Cab Calloway and the Count Basie Orchestra, directed by Frank Foster, will be the star attractions.

Other performers include jazz vocalist Aleta Greene, pianist Mel Spears, the band Underground, comedian Andre Brown and instrumentalists Mickey Fields and Bill Cummings.

Tickets are $75, $40 and $25. For more information about the event, call the Jazz Expressline at (410) 669-7900.

"Jazz Night on the Avenue" is the brainchild of Carol Melvin, 36, the Associated Black Charities' director of development and marketing. The event will mark the second celebration of the Avenue this year. In February, the Arch Social Club paid homage to the old Royal Theater.

"There does seem to be a resurgence of interest in the Avenue right now," said Ms. Melvin. "I'm not sure why that is. A lot of people on our planning committee said the community should never have allowed the Avenue to die, and now they want to

come back."

Q: Tell me how this whole thing came about.

A: I am a big jazz lover, not a purist, but a fan. I particularly love what I call old jazz and I've always been sad that I was born on the cusp, that I missed the glory days of the old Avenue, that I was never able to attend the Royal Theater and the other clubs of that era. So, in the aftermath of last year's fund-raiser, the Ray Charles concert at the Meyerhoff, it just came to me, wouldn't it be fun if we could re-create that era, the feeling of community that African-Americans had there? I started brainstorming with Donna Stanley, our executive director, and Matthews Wright, our director of fund distribution, and the whole idea just blossomed.

The next thing we did was convene a planning committee, chaired by Evelyn Chatmon [assistant superintendent of Baltimore County schools], and they kept coming up with one wonderful idea after another.

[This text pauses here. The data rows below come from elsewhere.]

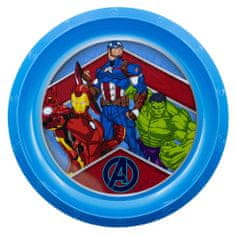 Alum online Doska - Heraldická armáda Avengers
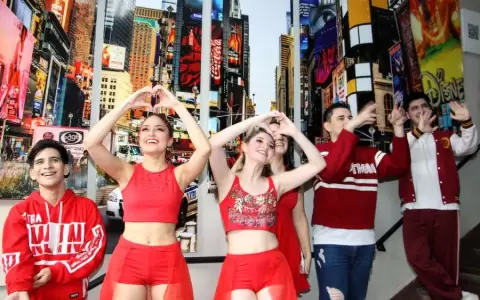 Nueva edici�n de "Feel USA" en el CCPA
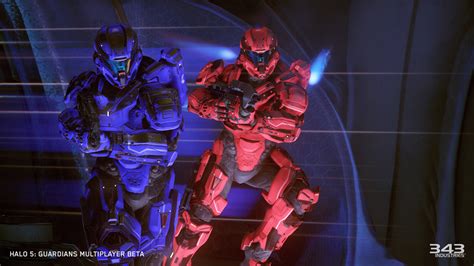 Halo 5 Guardians Beta Multiplayer I Love Videogames Notizie Sui
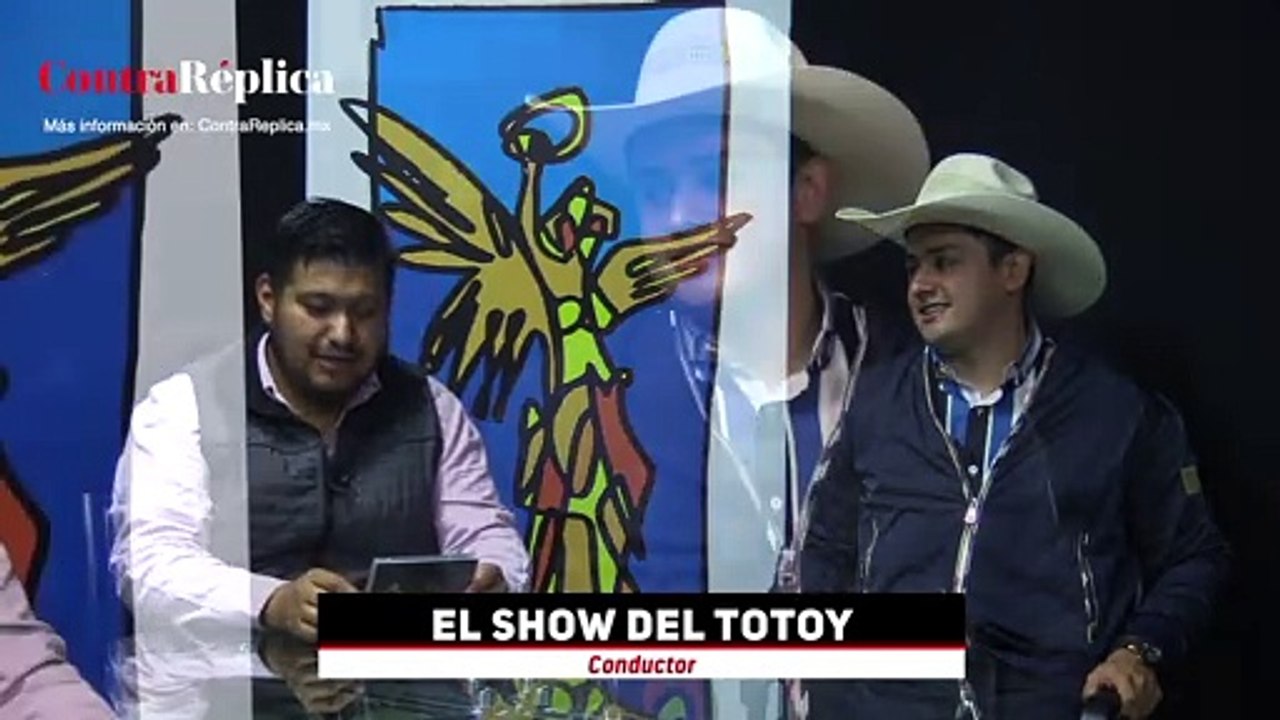 El Show del Totoy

For instance, they were the ones who came up with the concept of strolling down the Avenue, where people will be able to go nightclub crawling.

Q: I imagine most young people don't even remember Pennsylvania Avenue during its heyday.

A: Well, that's right. This is not just a celebration of that era but an educational opportunity for many of us. It also gave an opportunity for the more, shall I say, revered members of our community to lean back, chuckle and reminisce about what it was like then. It wasn't just about jazz, but a history lesson about pre-integration in our town, when that sense of community was all we had. We had a group of people who remembered those days [come in] as consultants and the most moving thing to me was to hear them talk about the demise of the Avenue, to see places you have lived with all your life literally die one by one.

Q: Tell me about the evening you have planned.

A: The evening will be divided into two parts. From 8 to 9 we will have a photo journey of the Avenue with music by the Douglass High School jazz band at the Coppin Center. At 9:30 comedian Andre Brown will perform. He sat in on our reminiscing sessions and I'm sure got a lot of material about the era. Immediately following that, we will have the concert by Cab Calloway and the Count Basie Orchestra.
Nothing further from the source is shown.